PEOPLE vs. DE LEON , G.R. Nos.
L-25375 and 25376 October 8, 1926
Criminal Case Digest:
Digested Cases
Facts: Early in the morning
of December 21, 1925, Vicente de Leon y Flora entered the yard of Vicente
Magat's house on Domingo Santiago Street, Manila, and without violence or
intimidation against persons nor force upon things, took, with intent to gain,
two game roosters which were in the yard, one with colored plumage valued at P8
belonging to Diego Magat, and the other with white plumage and black spots,
valued at P10, belonging to Ignacio Nicolas.

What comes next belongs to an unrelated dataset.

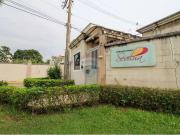 Apartamento para Venda em Sorocaba/SP Jardim Europa 2...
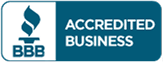 BBB Logo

Vicente de Leon y Flora was prosecuted in the
municipal court for two crimes of theft, on the theft of Magat's rooster and
the other that of Nicolas'. Upon being arraigned, the accused pleaded guilty
and was sentenced by the municipal court in each to suffer the penalty of three
years, six months and one day presidio correcional, to return the stolen
roosters to their respective owners and to pay the costs in both cases. The
accused appealed from this judgment to the Court of First Instance, and, upon
being arraigned upon the same informations, pleaded not guilty in both cases,
which were tried jointly by agreement of the parties approved by the court.
Issue: WON
the defendant-appellant committed two crimes of theft.
Held: Under sound principles, the act of taking the two roosters, in response
to the unity of thought in the criminal purpose on one occasion, is not
susceptible of being modified by the accidental circumstance that the article
unlawfully belonged to two distinct persons. There is no series of acts here
for the accomplishment of different purposes, but only one of which was
consummated, and which determines the existence of only one crime. The act of
taking the roosters in the same place and on the same occasion cannot give rise
to two crimes having an independent existence of their own, because there are
not two distinct appropriations nor two intentions that characterize two
separate crimes.
Therefore, we are of the opinion that the unity of
the intention to take a thing belonging to another on one occasion and in the
same place, constitutes the commission of only one crime of theft; and fact
that the things taken belong to different persons does not produce a
multiplicity of crimes, which must be punished separately.